IBM bets the server farm on flash
You may have seen the news that IBM has decided all enterprise Tier 1 storage should be flash-based and is putting in place plans to make the transition as fast as possible. Big Blue will be investing $1 million to integrate flash into all of its servers and storage systems and is introducing its own flash-only appliance.
Why the sudden move? Data centers increasingly demand the ability to process information more quickly, but traditional hard drives have only shown a small increase in speed over the last few years. IBM claims that flash solutions can speed up processing by around 90 percent for banking and trading applications. Other benefits include lower energy consumption, less maintenance and a smaller footprint.
Demand for ever larger amounts of cloud storage is helping drive the change too. Speaking at last month's IBM Edge conference in Las Vegas, Tom Rosamilia, senior vice president, IBM Systems and Technology Group said, "Cloud computing and Big Data analytics are playing key roles in helping organizations lower operating expenses, improve efficiencies, and increase productivity."
Market research company IHS agrees with IBM's predictions. It says that flash based storage is challenging the hard disk drive in all markets, not just the enterprise. SSD vendors had record-high profits in 2012, and not only because of inclusion in many data centers. The makers are also gaining popularity in the PC market. In 2017, IHS predicted that SSDs will account for just over 33 percent of all data storage shipments; an increase of 700 percent from current levels.
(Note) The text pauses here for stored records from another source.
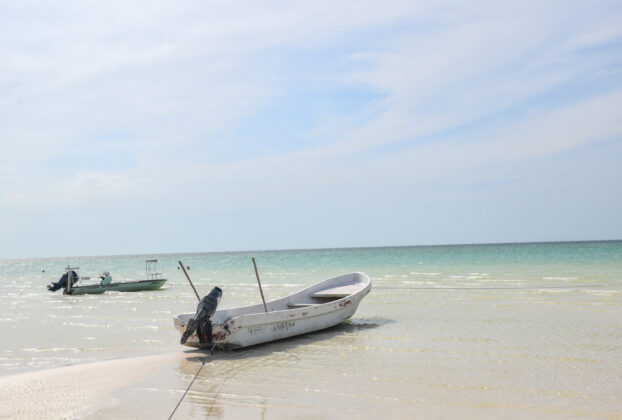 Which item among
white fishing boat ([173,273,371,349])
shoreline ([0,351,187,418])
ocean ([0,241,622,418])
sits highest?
white fishing boat ([173,273,371,349])

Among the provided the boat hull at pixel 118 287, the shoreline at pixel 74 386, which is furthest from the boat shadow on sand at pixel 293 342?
the boat hull at pixel 118 287

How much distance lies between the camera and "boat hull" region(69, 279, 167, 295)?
92.0ft

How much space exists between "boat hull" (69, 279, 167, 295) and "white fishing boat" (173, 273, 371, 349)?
53.6 ft

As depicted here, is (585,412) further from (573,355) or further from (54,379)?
(54,379)

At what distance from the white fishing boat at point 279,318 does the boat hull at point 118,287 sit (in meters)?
16.3

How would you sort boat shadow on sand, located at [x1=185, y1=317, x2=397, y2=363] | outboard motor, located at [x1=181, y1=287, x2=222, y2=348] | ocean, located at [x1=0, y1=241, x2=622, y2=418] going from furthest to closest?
boat shadow on sand, located at [x1=185, y1=317, x2=397, y2=363] → outboard motor, located at [x1=181, y1=287, x2=222, y2=348] → ocean, located at [x1=0, y1=241, x2=622, y2=418]

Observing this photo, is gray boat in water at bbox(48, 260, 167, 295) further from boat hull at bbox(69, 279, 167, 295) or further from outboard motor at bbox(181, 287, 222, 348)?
outboard motor at bbox(181, 287, 222, 348)

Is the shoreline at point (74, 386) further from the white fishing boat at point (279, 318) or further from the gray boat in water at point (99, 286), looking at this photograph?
the gray boat in water at point (99, 286)

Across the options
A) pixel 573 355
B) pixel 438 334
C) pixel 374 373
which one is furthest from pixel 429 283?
pixel 374 373

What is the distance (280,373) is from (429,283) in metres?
18.5

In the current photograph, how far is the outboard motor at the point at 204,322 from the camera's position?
33.2 ft

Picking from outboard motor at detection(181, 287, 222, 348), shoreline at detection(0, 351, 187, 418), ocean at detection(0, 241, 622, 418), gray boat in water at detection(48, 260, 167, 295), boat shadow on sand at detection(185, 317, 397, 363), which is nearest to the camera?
ocean at detection(0, 241, 622, 418)

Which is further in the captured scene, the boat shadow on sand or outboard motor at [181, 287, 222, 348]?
the boat shadow on sand

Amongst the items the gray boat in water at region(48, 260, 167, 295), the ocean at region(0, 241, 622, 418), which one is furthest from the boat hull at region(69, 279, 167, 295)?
the ocean at region(0, 241, 622, 418) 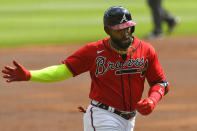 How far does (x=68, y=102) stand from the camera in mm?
11523

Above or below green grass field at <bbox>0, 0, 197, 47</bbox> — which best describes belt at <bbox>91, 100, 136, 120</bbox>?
above

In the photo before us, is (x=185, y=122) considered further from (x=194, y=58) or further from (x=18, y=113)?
(x=194, y=58)

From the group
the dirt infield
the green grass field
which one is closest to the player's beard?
the dirt infield

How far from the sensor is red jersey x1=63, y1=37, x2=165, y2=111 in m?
5.56

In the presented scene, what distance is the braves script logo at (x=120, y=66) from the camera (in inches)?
219

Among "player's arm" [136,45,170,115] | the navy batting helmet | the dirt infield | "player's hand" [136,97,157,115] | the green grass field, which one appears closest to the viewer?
"player's hand" [136,97,157,115]

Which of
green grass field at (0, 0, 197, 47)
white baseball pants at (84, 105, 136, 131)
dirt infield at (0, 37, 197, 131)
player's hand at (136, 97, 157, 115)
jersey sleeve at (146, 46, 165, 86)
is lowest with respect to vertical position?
green grass field at (0, 0, 197, 47)

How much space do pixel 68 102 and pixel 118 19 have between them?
6.24 m

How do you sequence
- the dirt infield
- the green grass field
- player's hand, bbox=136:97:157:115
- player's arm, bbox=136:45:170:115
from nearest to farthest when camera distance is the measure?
player's hand, bbox=136:97:157:115 < player's arm, bbox=136:45:170:115 < the dirt infield < the green grass field

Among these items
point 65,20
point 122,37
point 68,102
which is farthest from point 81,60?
point 65,20

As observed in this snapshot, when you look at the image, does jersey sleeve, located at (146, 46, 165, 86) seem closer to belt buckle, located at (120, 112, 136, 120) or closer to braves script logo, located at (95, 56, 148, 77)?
braves script logo, located at (95, 56, 148, 77)

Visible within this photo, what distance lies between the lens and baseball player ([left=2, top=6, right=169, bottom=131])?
5.52 meters

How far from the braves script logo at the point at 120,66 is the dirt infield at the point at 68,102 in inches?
158

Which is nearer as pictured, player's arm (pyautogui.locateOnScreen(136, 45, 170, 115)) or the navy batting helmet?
the navy batting helmet
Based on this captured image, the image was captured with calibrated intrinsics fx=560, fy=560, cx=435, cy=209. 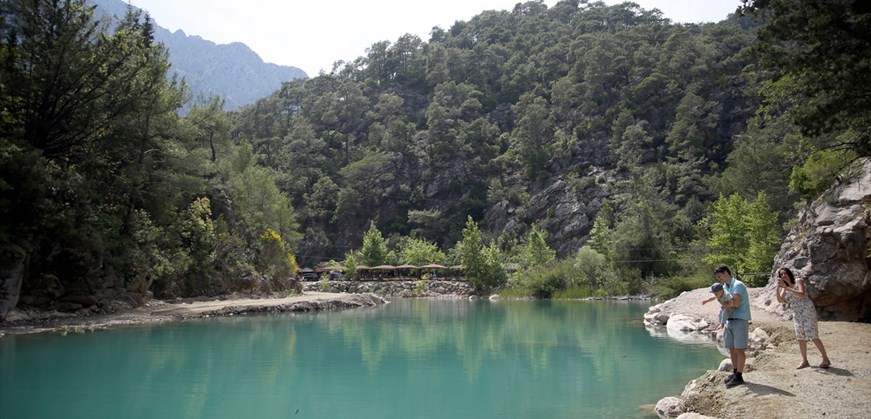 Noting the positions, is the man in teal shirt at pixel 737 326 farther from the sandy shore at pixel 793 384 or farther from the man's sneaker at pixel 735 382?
the sandy shore at pixel 793 384

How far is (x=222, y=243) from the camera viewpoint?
29375 mm

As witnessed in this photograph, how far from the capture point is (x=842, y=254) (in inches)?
447

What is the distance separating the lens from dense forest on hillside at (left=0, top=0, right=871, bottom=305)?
16.1 m

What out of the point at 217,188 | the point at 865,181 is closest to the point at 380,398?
the point at 865,181

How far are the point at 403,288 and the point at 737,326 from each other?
4272cm

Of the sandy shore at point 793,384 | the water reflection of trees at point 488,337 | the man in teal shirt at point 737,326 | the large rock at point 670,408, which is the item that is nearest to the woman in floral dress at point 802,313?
the sandy shore at point 793,384

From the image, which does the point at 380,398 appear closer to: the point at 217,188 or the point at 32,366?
the point at 32,366

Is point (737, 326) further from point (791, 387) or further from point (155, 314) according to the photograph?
point (155, 314)

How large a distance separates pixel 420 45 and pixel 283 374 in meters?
98.0

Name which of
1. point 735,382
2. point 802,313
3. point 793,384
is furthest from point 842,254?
point 735,382

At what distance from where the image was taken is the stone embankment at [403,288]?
47031 mm

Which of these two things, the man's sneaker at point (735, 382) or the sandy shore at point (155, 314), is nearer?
the man's sneaker at point (735, 382)

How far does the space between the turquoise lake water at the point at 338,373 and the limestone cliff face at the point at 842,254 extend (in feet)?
8.50

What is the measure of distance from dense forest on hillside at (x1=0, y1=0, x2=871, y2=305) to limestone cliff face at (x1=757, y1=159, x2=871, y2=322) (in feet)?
3.60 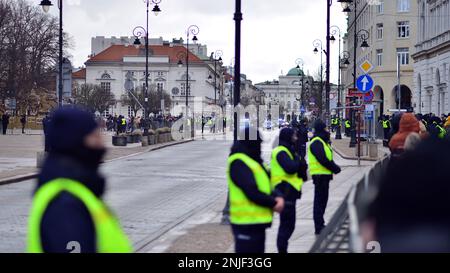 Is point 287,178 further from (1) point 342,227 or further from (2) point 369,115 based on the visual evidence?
(2) point 369,115

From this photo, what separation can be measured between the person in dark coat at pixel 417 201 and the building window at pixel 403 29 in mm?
81082

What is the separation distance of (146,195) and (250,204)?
11847 millimetres

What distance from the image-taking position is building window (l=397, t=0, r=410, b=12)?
270 ft

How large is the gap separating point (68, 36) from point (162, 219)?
76295 mm

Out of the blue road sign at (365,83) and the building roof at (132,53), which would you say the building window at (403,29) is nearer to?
the blue road sign at (365,83)

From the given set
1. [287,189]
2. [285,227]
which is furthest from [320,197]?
[285,227]

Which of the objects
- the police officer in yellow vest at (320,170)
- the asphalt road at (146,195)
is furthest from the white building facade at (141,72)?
the police officer in yellow vest at (320,170)

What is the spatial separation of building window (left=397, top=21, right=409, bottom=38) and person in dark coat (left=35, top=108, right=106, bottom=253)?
8117cm

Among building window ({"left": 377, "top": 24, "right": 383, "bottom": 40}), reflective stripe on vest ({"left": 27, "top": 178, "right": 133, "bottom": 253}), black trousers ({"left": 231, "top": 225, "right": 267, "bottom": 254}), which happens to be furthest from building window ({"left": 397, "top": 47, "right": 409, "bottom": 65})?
reflective stripe on vest ({"left": 27, "top": 178, "right": 133, "bottom": 253})

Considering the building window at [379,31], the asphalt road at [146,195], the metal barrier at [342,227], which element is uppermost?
the building window at [379,31]

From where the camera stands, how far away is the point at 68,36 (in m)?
88.1

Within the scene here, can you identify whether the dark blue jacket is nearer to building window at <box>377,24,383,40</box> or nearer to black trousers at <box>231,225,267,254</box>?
black trousers at <box>231,225,267,254</box>

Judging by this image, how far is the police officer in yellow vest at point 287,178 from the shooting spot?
975 centimetres
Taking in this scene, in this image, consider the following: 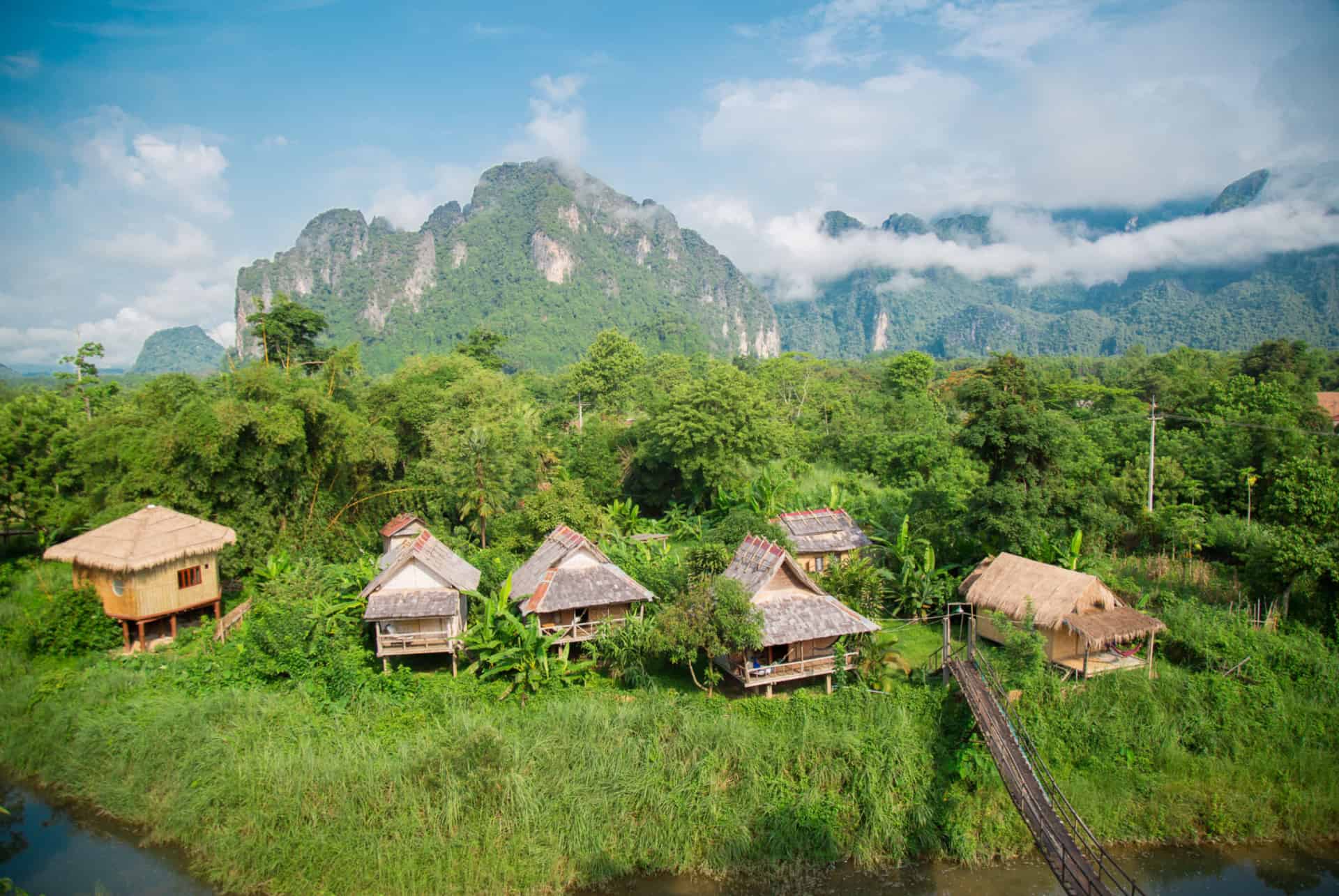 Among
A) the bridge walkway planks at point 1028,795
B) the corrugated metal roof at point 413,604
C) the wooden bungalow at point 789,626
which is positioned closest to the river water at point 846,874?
the bridge walkway planks at point 1028,795

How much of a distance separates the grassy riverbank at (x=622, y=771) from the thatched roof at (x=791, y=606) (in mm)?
1171

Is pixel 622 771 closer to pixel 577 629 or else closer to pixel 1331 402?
pixel 577 629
We've already seen the collaboration of IBM and Seagate to release the fastest enterprise hard drive in hybrid format and it's likely to be the first of many.
For those who don't need instant access to data the electro-mechanical hard drive still has a price advantage. For this reason it should continue to dominate areas like archive and backup storage where performance is less important. When the giants of the corporate IT world like IBM start to take flash storage seriously though you'd be foolish to bet against the trend.